なにわ男子、ジャニーズの伝統も継承する多彩な世界観 見どころ盛りだくさんなライブパフォーマンスの魅力

多角的なアプローチでファンの心をつかむ

 今回のライブのセットリストは、グループのオリジナル曲のほか、ジャニーズの先輩たちのヒット曲で構成されており、ジャニーズJr.のライブならではの豪華なランナップだ。先輩グループの楽曲はダンス、歌とも高度なテクニックを要求される難曲揃い。しかし、ただ先輩の楽曲を披露しているだけではなく、見事に彼ららしさをプラスし、なにわ男子のスタイルとしてパフォーマンスしていることに驚かされる。

 そしてオリジナル曲で見せる多彩な表情も、彼らの持ち味だ。キラキラの王子様風、ポップでキャッチーなはっちゃけた姿、キレキレのダンス、クールなパフォーマンスなど、幾通りもの表情で楽曲の世界観を表現している。
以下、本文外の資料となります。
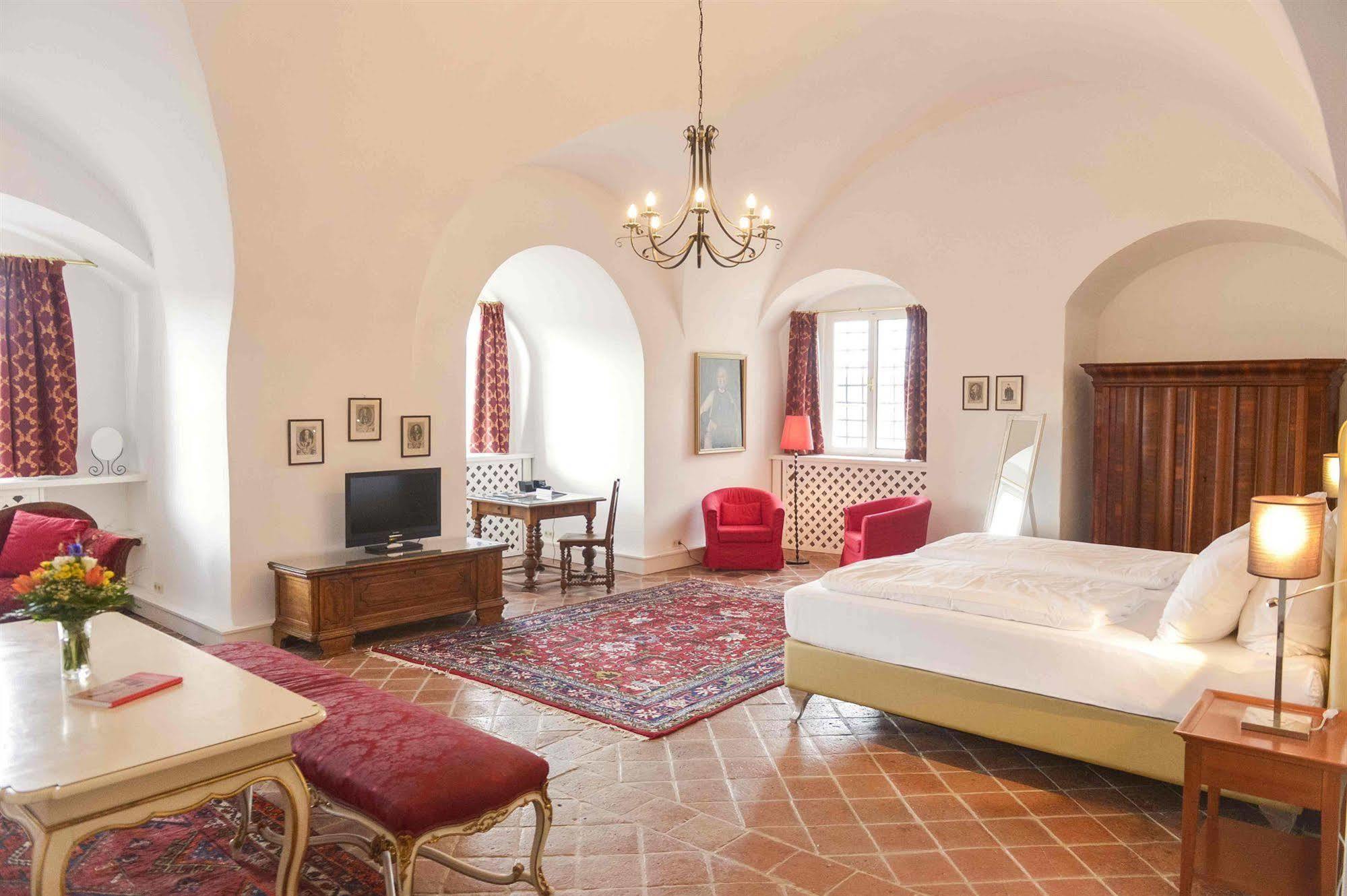 Schlosshotel Mailberg Eksteriør billede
そして圧倒的な歌唱力でグループを牽引する大橋和也をはじめ、ボイストレーニングでめざましい成長を見せた高橋恭平、グループ結成時から人知れず地道な努力を欠かさない道枝駿佑など、メンバー全員の安定したボーカルセンスも彼らの大きな武器だ。さらに、メンバーは関西出身ならではのテンポのあるトークスキルを備えており、西畑を中心にライブでは毎回ファンの記憶に残るMCを展開している。お笑い番長として知られる藤原丈一郎の洗練されたワードチョイスによる絶妙なテンポのツッコミも見事だ。加えてジャニーズJr.時代から西畑を良きパートナーとして支えた大西流星は、ファン目線でかわいさに徹底的にこだわったグッズプロデュースを手がけることで、メンバーとなにふぁむ(ファンの呼称)の絆をより強固なものとしている。このようにファンの気持ちを多角的なアプローチでつかむパフォーマンスは、彼らならではのものだろう。
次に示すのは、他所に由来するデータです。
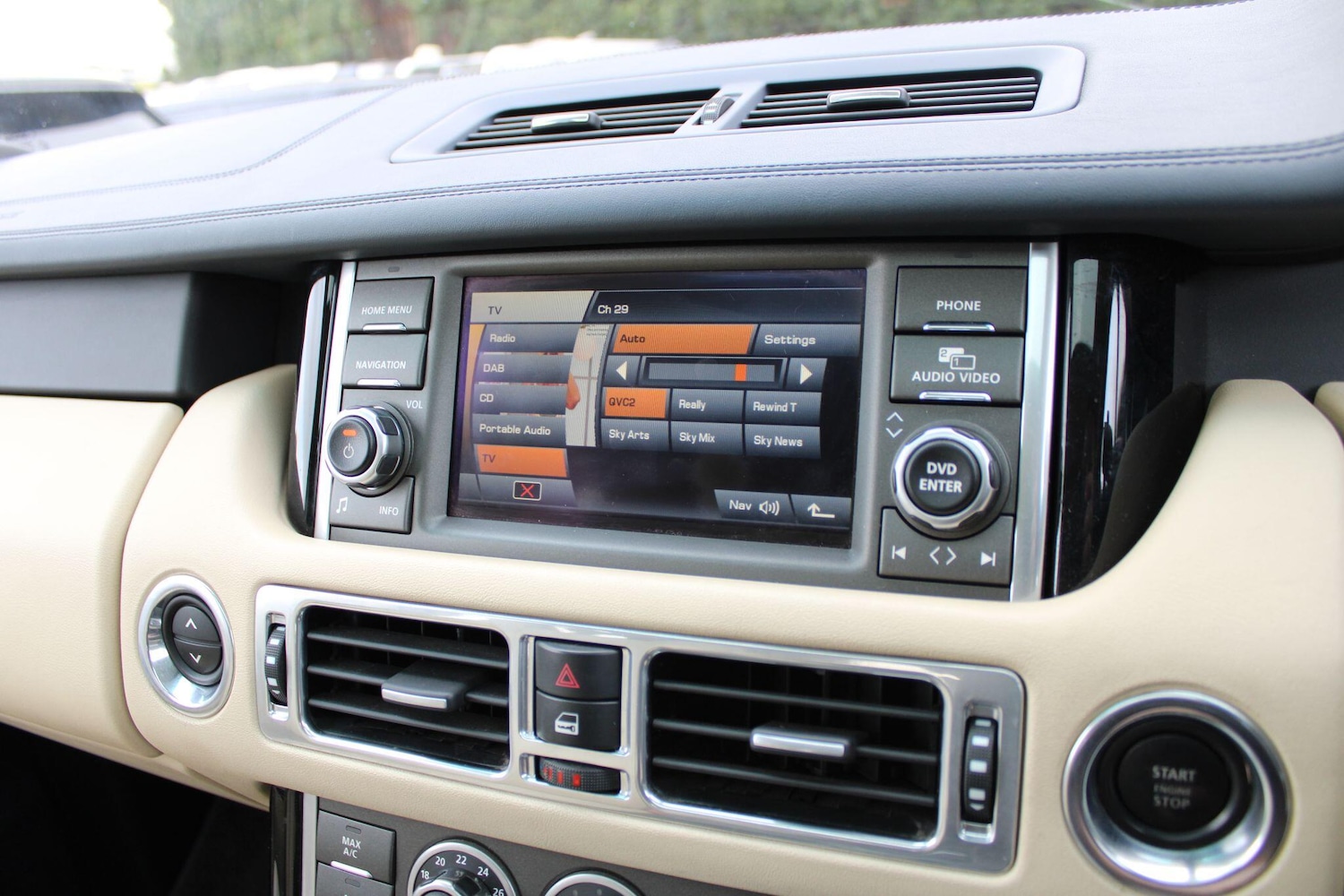 Used Land Rover Range Rover 2010 for sale - 77455201: Photo 23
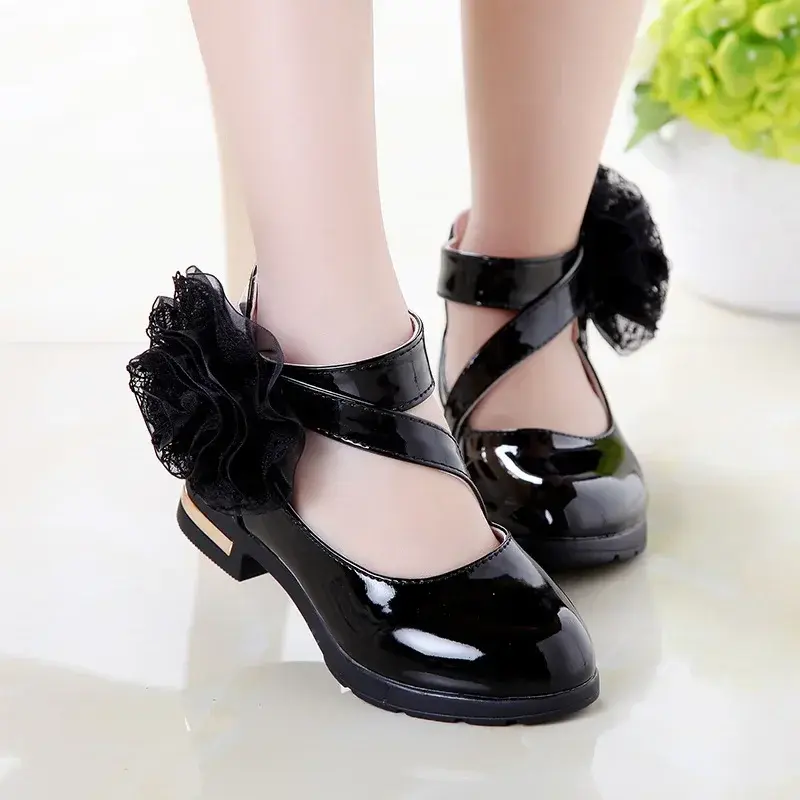Girls Leather Shoes Big Lace Flowers Soild Color 2025 New Kids Performance Shoes Chic Soft Sole Children Fashion Shoes Glossy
デビューを経て次なるフェーズ、“NEXT STAGE”へ

 昨年放送された連続ドキュメンタリー『RIDE ON TIME』(フジテレビ系)や、Amazon Prime Videoにて配信中の『なにわ男子 デビューまで1100日のキセキ natural』など、ライブの舞台裏を追ったドキュメンタリーから伝わってくるのは、デビューを目指す彼らの等身大の姿だ。ステージ上で見せるキラキラしたアイドルの姿とは一転、悩み、苦しみながらも強い志を胸に、ひたむきに努力を続けるストイックな彼らだからこそ、つかみ取ったデビューだったのだと思う。
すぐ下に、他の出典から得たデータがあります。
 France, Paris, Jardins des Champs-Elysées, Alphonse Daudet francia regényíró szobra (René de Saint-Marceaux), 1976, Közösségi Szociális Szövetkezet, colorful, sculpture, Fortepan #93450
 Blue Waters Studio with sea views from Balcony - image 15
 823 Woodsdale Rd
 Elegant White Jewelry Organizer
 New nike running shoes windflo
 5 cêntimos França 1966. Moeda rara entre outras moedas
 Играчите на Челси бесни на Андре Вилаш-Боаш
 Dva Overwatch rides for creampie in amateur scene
 同ライブでも披露された、道枝が作詞を担当し、なにわ男子の絆を歌詞に綴った「Time View~果てなく続く道~」。〈どれだけ夢を見てきただろう〉〈不安が募って壊れそうになっても 横を見れば 君がいるから〉。デビューを機に、夢の階段を1段上った彼らはすでにもっと先を見据えているように思う。なにふぁむとともに、まだ見ぬ“NEXT STAGE”へ着実に歩を進める彼らの次なる挑戦を楽しみに見守りたい。